Robots are progressively moving out from research laboratories into real-world human environments, envisioned to provide companion care for elderly people, teach children with special needs, assist people in their day-to-day tasks at home or work, and offer service in public spaces. All these practical applications require that humans and robots work together in human environments, where interaction is unavoidable. Therefore, there has been an increasing effort towards advancing the perception and interaction capabilities of robots, making them recognise, adapt to, and respond to human behaviours and actions, with increasing levels of autonomy. Given this context, in this talk, I will give an overview of our ongoing research activities on the understanding and generation of human behaviour from a robotics perspective. Particularly, I will present examples from our ongoing work on how to make robots navigate in crowded social spaces, learn new tasks by just watching humans, and learn how to adapt to their interaction partners.  I will conclude by highlighting the challenges and open problems.

14:20 - 14:55    Dr. Xin Zhang (South China University of Technology)

Path Signature: A Time Series Analysis Approach and its Various Applications

This presentation explores the use of Path Signature (PS) for time series analysis, focusing on its applications in gesture recognition and predicting infant cognitive scores. It highlights the effectiveness of PS features in overcoming challenges like temporal variation and high-dimensional data. The gesture recognition method integrates PS with a Temporal Transformer Module, significantly improving accuracy. In predicting cognitive scores, PS features help in understanding brain region connectivity and developmental trajectories, leading to more accurate predictions. Moreover, how to organize/cluster the data to form meaningful paths is very crucial. Recent works prove its importance in both above applications. The findings demonstrate the versatility and efficacy of PS in diverse and complex data analysis tasks.

14:55 - 15:30    Coffee Break

15:30 - 16:05    Dr. Michael Wray (Bristol University)

Unlocking the Temporal Dimension from the Egocentric Perspective

In this talk I will explore the use of context and the temporal dimension within egocentric videos. With devices such as the Meta Ray Ban Glasses and the Apple Vision Pro, wearable devices that record videos of the wearer's day-to-day are becoming commonplace. I will highlight the difficulty of searching through long and untrimmed egocentric videos and why it is important. Next,  I will present how context of what comes before and after can help with user search. Finally, I will present how the temporal consistency in videos can be an important key for unlocking image editing/alteration.

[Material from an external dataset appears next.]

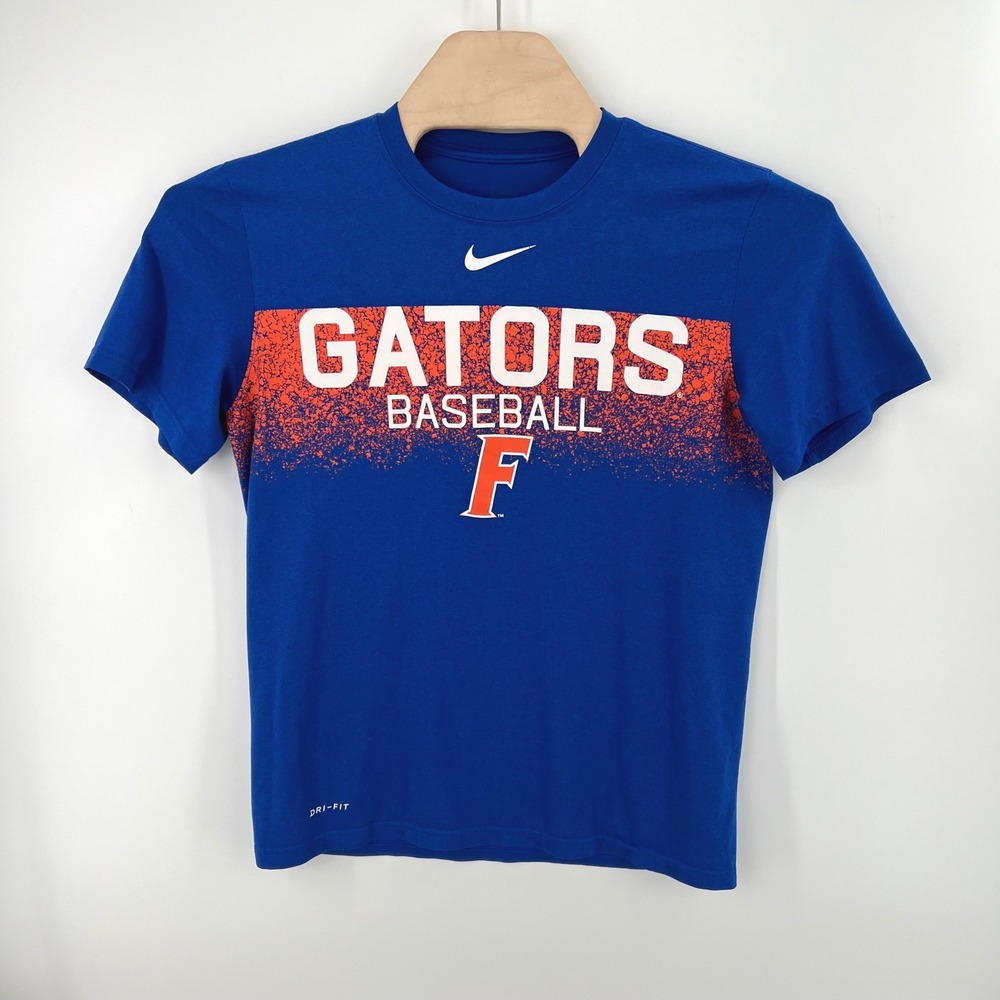 Nike Florida Gators Baseball Shirt Small Dri-FIT Blue NCAA Gameday Athletic Tee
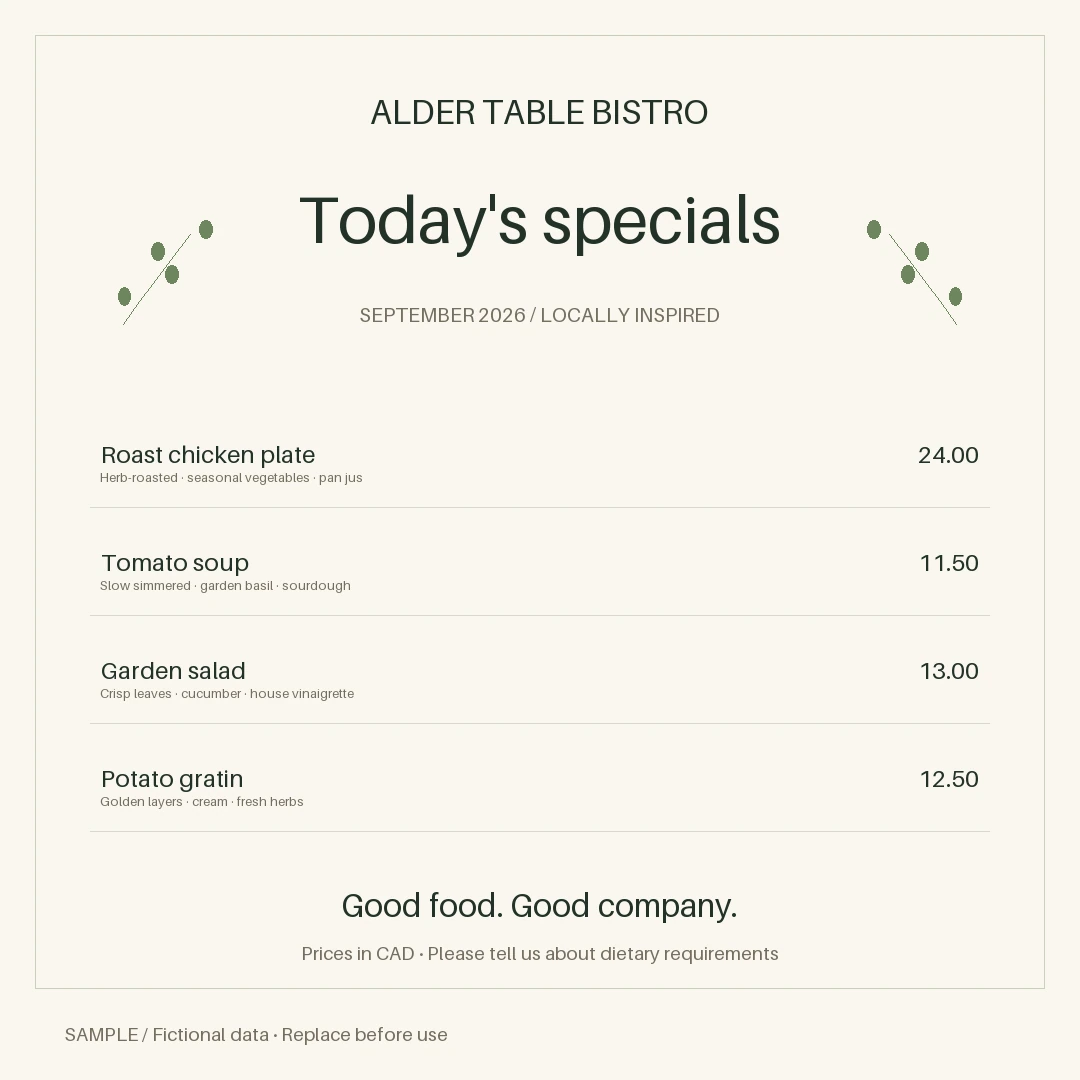 Daily Special Graphic: editable menu with synthetic content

16:05 - 16:40    Dr. Kevin Schlegel (Vicon Motion Systems)

How to measure progress: Know your data and metrics!

We train a model, compute some metrics and use those to decide if it improves on what we had previously. But does this really mean progress? And what does it tell us about using the model in a real product? In this talk I will discuss aspects of how your data influences how meaningful your metrics are, hidden issues in widely used metrics, and gaps between metrics used in publications and what is required for use of a model in the real world.